20 Years Ago: The Great Hank Williams Jr. Jewelry Heist


You’ve got to have some kind of courage to sneak into a man’s house and steal an entire 60-pound safe full of some estimated $500,000 in jewelry, especially when that man, his wife, and his kids are sleeping in the house at the time. You’ve got to be even more courageous when the owner of said house is Hank Williams Jr., known for writing and singing such songs as “A Country Boy Can Survive,” and owning more guns than some Canadian provinces.

It was 20 years ago today—January 19th, 2005—that a 22-year-old man by the name of Ryan Daniel Binkley decided to sneak into the 10,000-square-foot country retreat of Hank Jr’s near Paris, Tennessee. If you listen to the lyrics of “A Country Boy Can Survive,” that pretty much describes Hank Jr’s Paris property. It’s is the place where Hank Jr. keeps his Civil War cannon that he shoots off every 4th of July near Kentucky Lake.

In 2005, some new neighbors had moved in down the way, and that included Ryan Daniel Binkley. He might have been dealing with some drug issues at the time, and was looking for a payday. How Binkley knew exactly where the safe was, and how he was able to sneak into the house undetected is uncertain. He might have been invited into the home previously and scoped it out. What we do know is that according to police, there was an alarm system on the property, but it wasn’t armed at the time.

When Hank Jr. and family later determined that the safe was missing, they had no clue, and no leads of where to start looking. It was like it vanished into thin air. It was only a stroke of luck that it was found.

Ryan Binkley was picked up on unrelated drug charges, and thrown in jail. Binkley then told his mother to look in his room where he had lots of jewelry she could sell to pay for a defense lawyer and bail. When the mother started looking through the jewelry and saw a ring from the CMA with Hank Jr.’s name engraved on it, she put two and two together.

The mother didn’t call the police, but she blathered about the matter to a friend who eventually did. “She got throwed between a rock and a hard place,” Sgt.

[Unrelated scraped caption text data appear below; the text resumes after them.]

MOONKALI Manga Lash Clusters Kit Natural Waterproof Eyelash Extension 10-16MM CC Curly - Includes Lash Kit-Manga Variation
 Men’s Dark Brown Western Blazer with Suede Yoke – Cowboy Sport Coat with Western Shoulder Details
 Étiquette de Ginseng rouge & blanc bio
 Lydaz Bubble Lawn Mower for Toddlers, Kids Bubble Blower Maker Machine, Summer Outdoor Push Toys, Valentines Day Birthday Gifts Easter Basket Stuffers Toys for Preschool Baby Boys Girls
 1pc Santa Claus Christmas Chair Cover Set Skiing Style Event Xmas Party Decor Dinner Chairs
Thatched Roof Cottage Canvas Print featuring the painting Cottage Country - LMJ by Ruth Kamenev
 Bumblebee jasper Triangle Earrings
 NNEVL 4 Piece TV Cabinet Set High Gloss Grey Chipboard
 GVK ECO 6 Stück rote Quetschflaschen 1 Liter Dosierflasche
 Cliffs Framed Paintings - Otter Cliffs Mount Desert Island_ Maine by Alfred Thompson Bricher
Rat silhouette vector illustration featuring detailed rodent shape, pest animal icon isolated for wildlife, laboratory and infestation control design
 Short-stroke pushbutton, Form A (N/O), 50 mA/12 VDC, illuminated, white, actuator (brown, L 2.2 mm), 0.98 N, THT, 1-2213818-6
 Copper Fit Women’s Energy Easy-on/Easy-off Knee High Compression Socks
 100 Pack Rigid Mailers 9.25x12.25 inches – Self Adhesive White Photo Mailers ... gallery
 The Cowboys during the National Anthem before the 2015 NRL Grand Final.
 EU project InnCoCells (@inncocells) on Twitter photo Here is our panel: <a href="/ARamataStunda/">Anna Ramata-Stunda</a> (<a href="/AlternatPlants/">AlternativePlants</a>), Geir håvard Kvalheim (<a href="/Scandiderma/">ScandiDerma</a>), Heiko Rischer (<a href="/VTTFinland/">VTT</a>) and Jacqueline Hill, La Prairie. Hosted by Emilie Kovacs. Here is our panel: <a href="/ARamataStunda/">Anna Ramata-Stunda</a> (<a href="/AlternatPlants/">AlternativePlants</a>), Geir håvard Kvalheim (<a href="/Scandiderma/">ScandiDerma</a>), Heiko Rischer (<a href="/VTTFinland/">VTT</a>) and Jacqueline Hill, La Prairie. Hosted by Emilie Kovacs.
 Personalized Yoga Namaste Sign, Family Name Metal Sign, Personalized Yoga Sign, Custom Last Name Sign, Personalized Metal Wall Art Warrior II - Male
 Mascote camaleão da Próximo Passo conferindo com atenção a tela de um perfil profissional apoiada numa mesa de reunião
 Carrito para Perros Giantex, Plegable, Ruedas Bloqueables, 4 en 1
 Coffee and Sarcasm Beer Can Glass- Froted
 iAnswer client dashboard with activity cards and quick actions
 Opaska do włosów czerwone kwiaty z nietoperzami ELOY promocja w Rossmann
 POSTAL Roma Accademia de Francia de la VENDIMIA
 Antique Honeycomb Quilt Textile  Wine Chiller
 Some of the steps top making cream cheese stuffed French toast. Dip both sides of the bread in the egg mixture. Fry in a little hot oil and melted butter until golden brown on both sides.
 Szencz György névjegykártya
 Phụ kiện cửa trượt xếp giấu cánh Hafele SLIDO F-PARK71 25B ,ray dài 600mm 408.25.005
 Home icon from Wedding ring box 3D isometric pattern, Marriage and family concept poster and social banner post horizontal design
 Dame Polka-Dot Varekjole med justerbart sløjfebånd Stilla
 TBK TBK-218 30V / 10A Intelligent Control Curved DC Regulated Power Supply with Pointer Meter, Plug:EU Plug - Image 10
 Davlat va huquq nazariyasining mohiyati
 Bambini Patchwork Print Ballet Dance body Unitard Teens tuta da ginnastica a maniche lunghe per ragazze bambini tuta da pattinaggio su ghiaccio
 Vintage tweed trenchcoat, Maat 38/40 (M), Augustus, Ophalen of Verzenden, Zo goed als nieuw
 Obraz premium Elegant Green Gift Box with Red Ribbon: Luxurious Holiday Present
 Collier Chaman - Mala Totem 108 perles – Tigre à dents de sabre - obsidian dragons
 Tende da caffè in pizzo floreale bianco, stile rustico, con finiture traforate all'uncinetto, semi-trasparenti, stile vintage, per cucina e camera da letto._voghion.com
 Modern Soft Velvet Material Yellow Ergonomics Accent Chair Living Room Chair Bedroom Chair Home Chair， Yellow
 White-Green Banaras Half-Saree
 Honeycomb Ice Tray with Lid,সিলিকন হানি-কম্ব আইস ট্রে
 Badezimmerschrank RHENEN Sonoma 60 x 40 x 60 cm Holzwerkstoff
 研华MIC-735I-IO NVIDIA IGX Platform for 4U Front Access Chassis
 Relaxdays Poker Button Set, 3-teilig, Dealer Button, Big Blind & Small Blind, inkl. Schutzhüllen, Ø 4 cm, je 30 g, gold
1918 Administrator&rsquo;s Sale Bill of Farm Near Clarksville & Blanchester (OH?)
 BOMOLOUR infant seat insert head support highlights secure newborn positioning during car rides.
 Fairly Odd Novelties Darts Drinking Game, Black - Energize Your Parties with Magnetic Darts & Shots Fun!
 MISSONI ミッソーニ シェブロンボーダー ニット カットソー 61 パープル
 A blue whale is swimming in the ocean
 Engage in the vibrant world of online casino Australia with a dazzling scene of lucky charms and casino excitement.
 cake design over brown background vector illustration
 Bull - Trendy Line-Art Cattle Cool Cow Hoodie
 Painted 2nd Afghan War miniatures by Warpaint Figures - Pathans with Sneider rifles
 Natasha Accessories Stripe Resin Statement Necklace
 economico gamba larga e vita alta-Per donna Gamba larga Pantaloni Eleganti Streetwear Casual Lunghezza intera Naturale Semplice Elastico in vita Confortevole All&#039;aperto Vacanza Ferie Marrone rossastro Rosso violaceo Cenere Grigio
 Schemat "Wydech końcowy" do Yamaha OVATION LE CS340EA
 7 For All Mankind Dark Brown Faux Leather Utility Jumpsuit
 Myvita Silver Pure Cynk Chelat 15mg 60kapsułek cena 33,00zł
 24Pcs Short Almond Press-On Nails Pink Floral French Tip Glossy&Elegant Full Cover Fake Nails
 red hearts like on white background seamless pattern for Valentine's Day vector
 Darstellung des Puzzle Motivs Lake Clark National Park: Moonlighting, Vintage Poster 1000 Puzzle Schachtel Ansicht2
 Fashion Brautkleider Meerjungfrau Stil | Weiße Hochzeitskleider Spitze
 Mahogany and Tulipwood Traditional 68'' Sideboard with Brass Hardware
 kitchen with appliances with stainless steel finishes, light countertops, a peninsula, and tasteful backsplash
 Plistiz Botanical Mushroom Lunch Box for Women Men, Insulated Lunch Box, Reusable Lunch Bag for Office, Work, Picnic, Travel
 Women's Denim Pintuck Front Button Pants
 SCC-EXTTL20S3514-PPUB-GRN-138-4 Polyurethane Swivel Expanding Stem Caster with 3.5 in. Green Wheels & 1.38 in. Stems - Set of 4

Ron Eaker of the Henry County Sheriff’s Department said about the mother, and why they decided not to charge her. “She was basically scared.”

Binkley was already in the clink, but now he was charged with aggravated burglary and theft of property as well, along with the pending drug charges. His potential at bail was also revoked.

When the press got a hold of Hank Jr.’s long time manager and fellow musician Merle Kilgore, he said it best. “The real miracle is that Hank Jr. didn’t shoot that kid. Hank is an excellent shot and is surrounded by guns.”

As for Hank Jr. himself, when the press put in requests for comment about the incident, they were told he couldn’t be reached. Hank Jr. was out hunting.